The creation of a Ukrainian-Polish-Lithuanian peacekeeping brigade is an attempt by the West to woo former post-Soviet countries while not formally admitting them to NATO, a Russian analyst said Tuesday.
The Ukrainian, Polish and Lithuanian defense ministers on Monday signed a letter stating their plans to form a joint peacekeeping brigade, LitPolUkrBrig.
Fyodor Lukyanov, editor-in-chief of Russia in Global Affairs magazine, said "the Europeans and Americans do not want to alienate Ukraine, Georgia and other countries, and they are looking for options intended to symbolize engagement" now that the issue of their admission to NATO has been frozen.
Polish Deputy Defense Minister Stanislaw Komorowski annouced the creation of a joint brigade at the seventh Informal High-Level NATO-Ukraine consultations with the participation of defense ministers and other senior officials from Ukraine and NATO countries.
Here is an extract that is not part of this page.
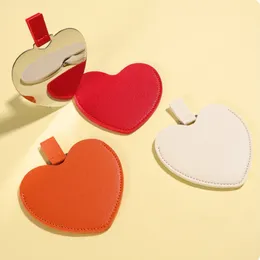 Wholesale Mini Compact Mirrors PU Portable Heart Shaped Makeup Mirror Stainless Steel Cosmetic Mirror Tools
"We have signed a letter spelling out our plans to form a Ukrainian-Polish-Lithuanian brigade. Lithuanian Defense Minister Rasa Jukneviciene, Polish Defense Minister Stanislaw Komarowski and I have signed it," Ukraine's acting defense minister, Valeriy Ivaschenko, told the media in Brussels.
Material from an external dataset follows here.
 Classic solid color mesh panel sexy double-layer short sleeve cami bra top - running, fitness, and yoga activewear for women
Media reports said other countries were free to join the trilateral agreement.
"It is a kind of military analogue of Eastern Partnership in the trade and economic sphere," Lukyanov said. "This brigade is an attempt to show, 'we cannot admit you to NATO, but we remember you.'"
"Such organizations tie the Ukrainian elite even closer to all sorts of Euro-Atlantic structures," he said.
Ukraine has been pursuing NATO membership since pro-Western Yushchenko was inaugurated in January 2005.
Ukraine and Georgia's NATO bids were strongly backed by the administration of U.S. President George W. Bush, but were turned down due to pressure from Germany and France at a 2008 NATO summit in Bucharest.
However, NATO has stated that the two countries will join at an unspecified date in the future.
Both countries have also been included in the alliance's Partnership for Peace program, aimed at allowing "partner countries to build up an individual relationship with NATO, choosing their own priorities for cooperation."